Il volto segnato, l’atteggiamento raccolto, Nathalie possiede il senso del tempo e delle cose che accadono senza che si possa fare niente.
 
Nell’ultima scena prepara la cena di Natale e riunisce i figli a tavola; poi in camera da letto prende in braccio il nipotino neonato; infine l’inquadratura sfuma sugli addobbi e l’abete con i regali.

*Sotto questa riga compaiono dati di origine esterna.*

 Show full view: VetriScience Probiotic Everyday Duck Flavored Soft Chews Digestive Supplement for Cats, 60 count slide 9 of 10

Finale dalle molte letture. A prima vista spiazzante per una donna impegnata – e per la sua generazione – che ha visto svanire i grandi ideali di cambiare il mondo, fino a restringersi nell’intimità familiare di un interno parigino. Nathalie è alleggerita da tanti pesi, ma questa libertà, oltre che subita, è sorprendentemente ridotta rispetto alla dimensione intellettuale e morale della sua figura. Quasi a sconfessarla, insinuando, per di più, un epilogo non lontano dai vecchi stereotipi femminili casalinghi.

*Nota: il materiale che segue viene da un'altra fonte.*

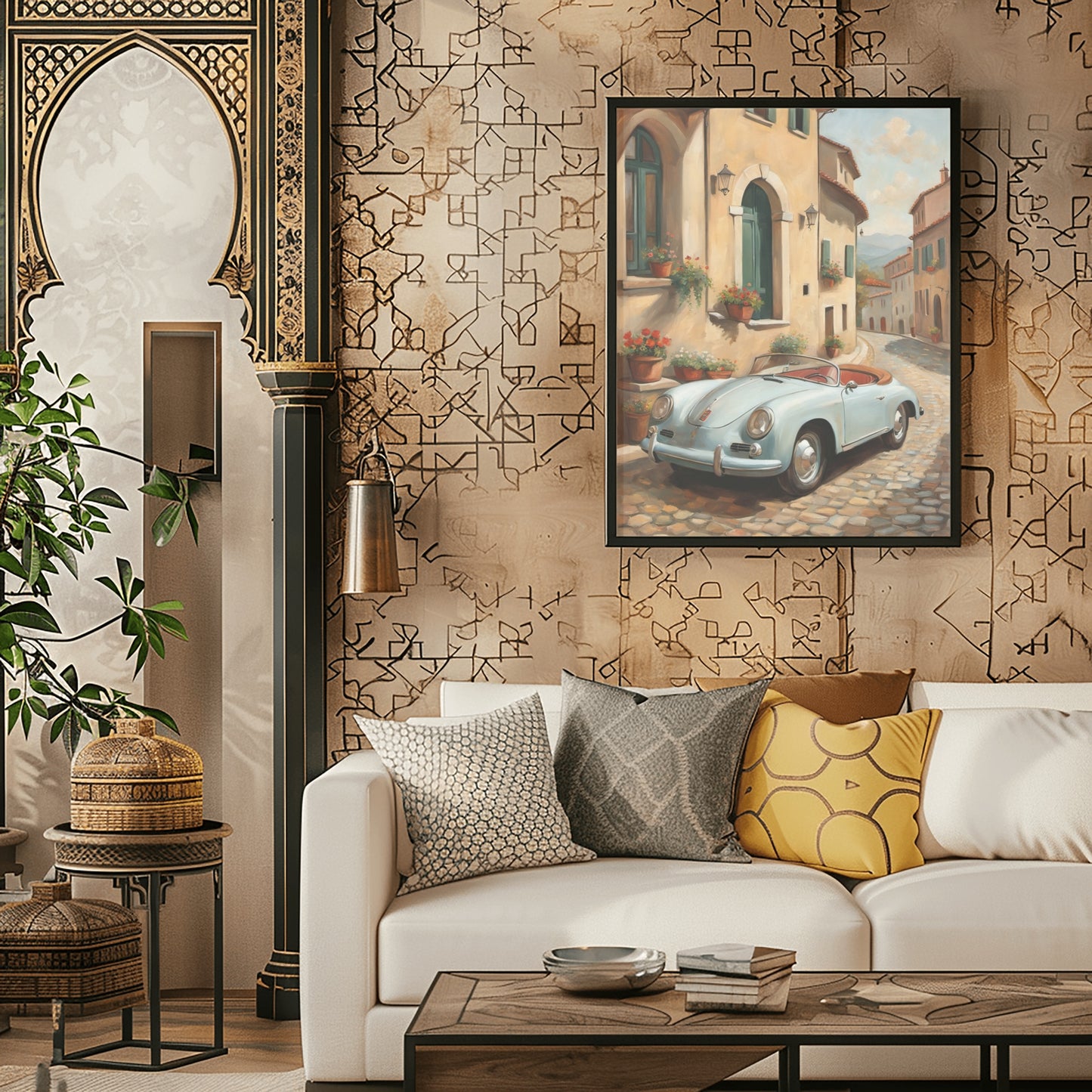 Italian village car painting displayed in modern living room with white sofa and decorative pillows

E allora, più in profondità, “Le cose che verranno” potrebbe riguardare l’intera condizione umana. Potrebbe avvisare sull’abbaglio del progresso e sull’arroganza di conoscere il mondo e le persone; sulla futilità di predicare sistemi, oppure demolirli, immaginando un nuovo che è già vecchio e fallito; e ancora sulla vanità d’insegnare qualcosa a qualcuno. Fino all’inevitabile naufragio e al riparo ultimo nelle piccole cose.
 
Ma forse la brillante autrice del film, Mia Hansen-Løve, vuole andare oltre. L’avenir del titolo originale custodisce altri propositi per la sua Nathalie: non una conclusione, ma un’apertura alle vite che verranno. Lo stesso nome, come il nipotino in braccio la notte inaugurale della Natività, sono segni di (ri)nascita. Possibilità di nuove storie meno pattuite col mondo e con se stessa. Vite spontanee di nonna e madre, di educatrice nel suo liceo, di scrittrice fuori dal sistema editoriale che pubblica in rete con gli alunni. E perché no?, si possono immaginare per lei vite anche sentimentali, una fisicità non più sorvegliata, e magari un compagno più giovane per niente filosofo con cui esplorare altre dimensioni.
 
Nathalie si è imborghesita, ma essere rivoluzionari a vent’anni, come Fabien, non è un’altra convenzione di segno opposto? Ed essere rigorosi conservatori come Heinz, non è solo ipocrisia e nascondimento?
Lei ha attraversato il mutamento – l’inevitabile attrito di ogni vita con le circostanze – in piena consapevolezza, mantenendo la condizione privilegiata di osservatrice critica, e insieme l’innocenza. Non si è sottratta alle ferite, ha pagato i suoi prezzi e adesso (quasi) nulla le è precluso.
E’ il finale che preferiamo. Per Nathalie e per tutte le donne a cui la vita continua ogni giorno a presentare i conti.